Fuel prices are likely to be affected by Saturday’s drone attacks on Saudi Arabia’s key oil fields and refinery which saw global oil prices going up by 20 percent.
The drone attacks took place on Saudi Arabian oil company, Saudi Aramco’s key oil fields and refineries which not only triggered an increase in fuel prices by at least 20 percent, but wiped out five percent of global oil supply.
Organisation for Petroleum Exporting Countries (OPEC) Secretary General, Mr Muhammad Barkindo said the impact was enormous, adding that measures are in place to cover the gap.
“As a bloc, we are engaging our members to see how we can mitigate the impact of this attack and obviously there has to be some contingent measures to restore supply,” said Mr Barkindo.

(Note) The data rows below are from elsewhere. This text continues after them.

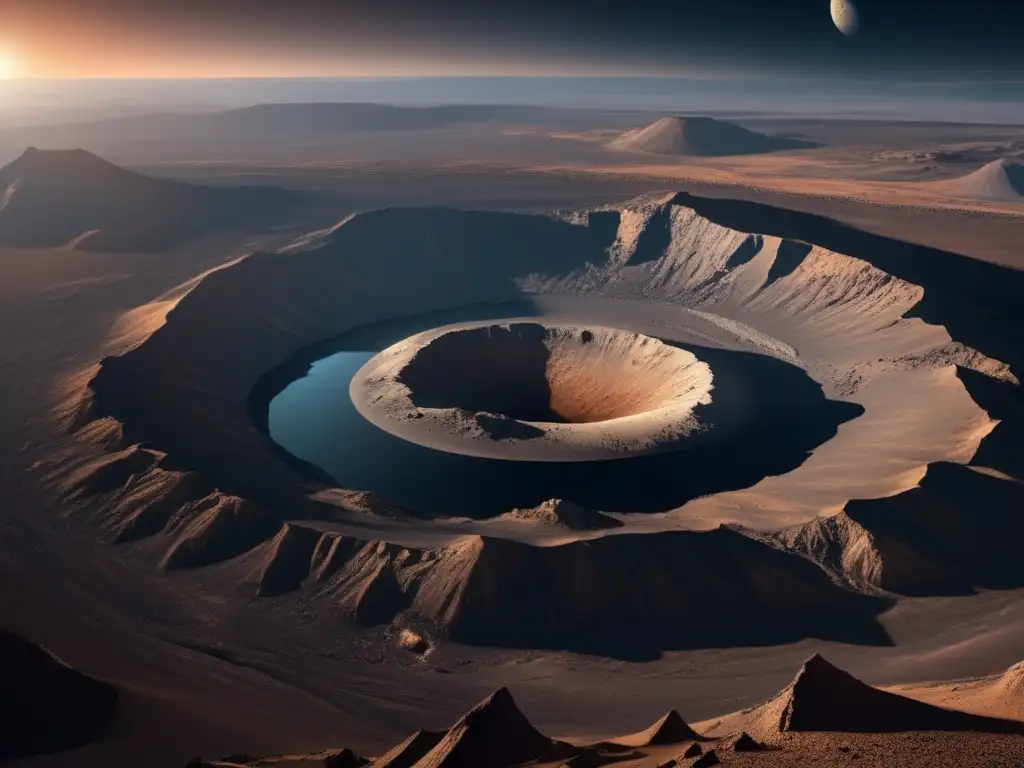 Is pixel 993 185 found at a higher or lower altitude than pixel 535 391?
higher

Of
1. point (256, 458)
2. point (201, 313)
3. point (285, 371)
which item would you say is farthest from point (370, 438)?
point (201, 313)

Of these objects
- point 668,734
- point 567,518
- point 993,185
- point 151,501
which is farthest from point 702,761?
point 993,185

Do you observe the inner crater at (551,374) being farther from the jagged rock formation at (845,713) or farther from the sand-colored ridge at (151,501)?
the jagged rock formation at (845,713)

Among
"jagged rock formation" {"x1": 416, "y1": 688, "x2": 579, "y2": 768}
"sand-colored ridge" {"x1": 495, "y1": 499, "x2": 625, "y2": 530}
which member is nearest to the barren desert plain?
"jagged rock formation" {"x1": 416, "y1": 688, "x2": 579, "y2": 768}

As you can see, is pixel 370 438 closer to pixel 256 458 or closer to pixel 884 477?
pixel 256 458

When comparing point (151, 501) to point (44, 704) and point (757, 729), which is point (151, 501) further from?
point (757, 729)
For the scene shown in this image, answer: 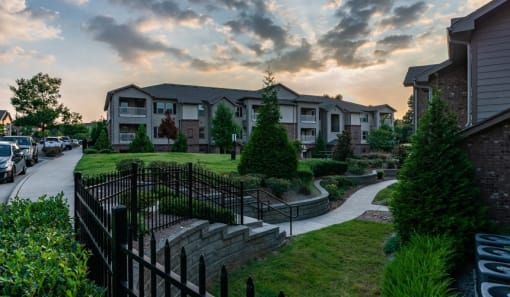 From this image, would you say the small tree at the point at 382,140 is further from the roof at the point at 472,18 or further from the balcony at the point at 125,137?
the roof at the point at 472,18

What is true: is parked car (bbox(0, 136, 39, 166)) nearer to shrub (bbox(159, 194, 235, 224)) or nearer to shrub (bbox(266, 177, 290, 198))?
shrub (bbox(266, 177, 290, 198))

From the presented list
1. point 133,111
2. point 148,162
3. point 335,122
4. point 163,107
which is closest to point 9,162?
point 148,162

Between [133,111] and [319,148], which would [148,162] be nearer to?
[133,111]

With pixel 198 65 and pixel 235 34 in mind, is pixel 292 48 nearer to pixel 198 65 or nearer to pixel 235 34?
pixel 235 34

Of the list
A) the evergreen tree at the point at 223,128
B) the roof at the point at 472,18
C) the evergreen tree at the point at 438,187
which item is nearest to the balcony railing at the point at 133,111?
the evergreen tree at the point at 223,128

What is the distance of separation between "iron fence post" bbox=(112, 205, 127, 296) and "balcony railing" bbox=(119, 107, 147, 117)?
37402mm

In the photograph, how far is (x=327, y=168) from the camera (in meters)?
22.7

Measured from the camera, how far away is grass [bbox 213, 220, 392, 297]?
6.45m

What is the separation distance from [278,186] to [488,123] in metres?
8.20

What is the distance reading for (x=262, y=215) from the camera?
1198cm

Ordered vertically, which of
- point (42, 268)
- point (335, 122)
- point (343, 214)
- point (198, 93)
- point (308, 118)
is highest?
point (198, 93)

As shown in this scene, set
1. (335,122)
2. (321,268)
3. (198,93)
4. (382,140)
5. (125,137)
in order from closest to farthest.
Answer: (321,268), (125,137), (198,93), (382,140), (335,122)

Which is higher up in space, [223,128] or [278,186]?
[223,128]

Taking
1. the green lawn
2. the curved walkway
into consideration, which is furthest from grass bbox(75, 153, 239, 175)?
the curved walkway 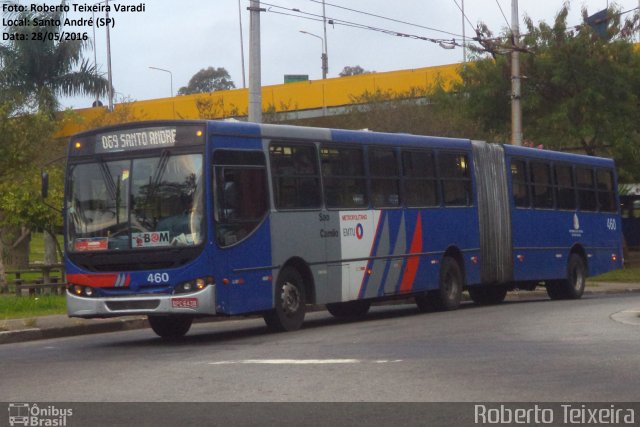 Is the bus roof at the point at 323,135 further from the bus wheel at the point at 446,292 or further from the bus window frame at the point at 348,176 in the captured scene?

Commenting on the latest attack, economist Mr Kipson Gundani said the country may not be spared.
“Zimbabwe gets 36 percent of its fuel supplies from Saudi Arabia and that means we have to look for alternative sources of fuel supplies. Prices are also likely to follow suit,” said Mr Gundani.
The Zimbabwe Energy Regulatory Authority (ZERA) said in the interim, the bombing incident might not affect local prices as purchases are made in advance to cover for lag time in transportation.
Local fuel prices are affected by the movement of prices on the global market and the rate at which local oil companies buy the foreign currency to import fuel.